◆ Task to carry out
Below are entries. Reproduce exactly the lines between the line holding "5th image of 25 Murray St APT 7G" and the line holding "Andrea By Unit", inclusive, and only those.

◆ Entries provided
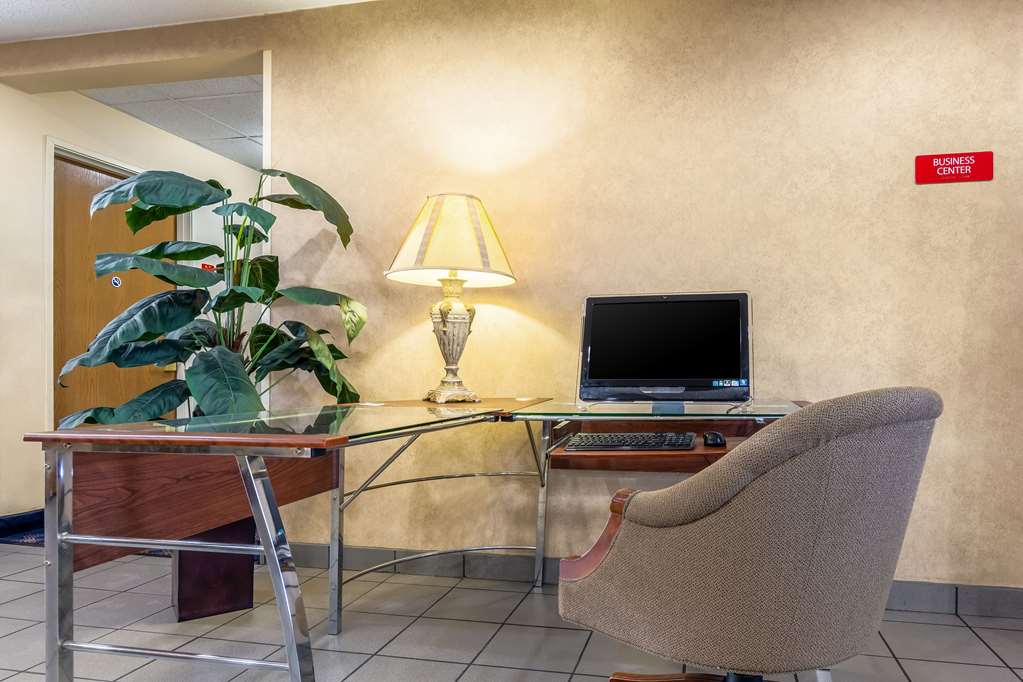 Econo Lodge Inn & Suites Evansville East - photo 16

...

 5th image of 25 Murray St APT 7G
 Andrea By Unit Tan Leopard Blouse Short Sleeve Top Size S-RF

◆ Exercise result
 5th image of 25 Murray St APT 7G
 Andrea By Unit Tan Leopard Blouse Short Sleeve Top Size S-RF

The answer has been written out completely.